Further showing that §2255 was enacted as a criminal penalty or 
punishment, "Title II — Punishing Sexual Predators," Sec. 206, from House Report No. 
105-557, 5-6, specifically includes reference to the remedy created under §2255 as an 
additional means of punishing sexual predators, along with other penalties and 
punishments. Senatorial Comments in amending §2255 in 2006 confirm that the creation 
of the presumptive minimum damage amount is meant as an additional penalty against 
those who sexually exploit or abuse children. 2006 WL 2034118, 152 Cong. Rec. S8012-
02. Senator Kerry refers to the statutorily imposed damage amount as "penalties." Id. 
The cases of U.S. v. Siegel supra (11th Cir. 1998), and U.S. v. Edwards, supra (3d 
Cir. 1998), also support Defendant's position that application of the current version of 18 
U.S.C. §2255 would be in clear violation of the Ex Post Facto Clause.

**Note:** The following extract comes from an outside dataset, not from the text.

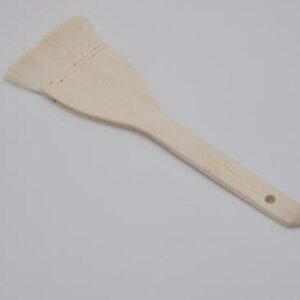 Hake Brush 4inch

In Siegel, the 
Eleventh Circuit found that the Ex Post Facto Clause barred application of the Mandatory 
Victim Restitution Act of 1996 (MVRA) to the defendant whose criminal conduct 
occurred before the effective date of the statute, 18 U.S.C. §3664(f)(1 XA), even though 
the guilty plea and sentencing proceeding occurred after the effective date of the statute. 
On July 19, 1996, the defendant Siegel pleaded guilty to various charges under 18 U.S.C. 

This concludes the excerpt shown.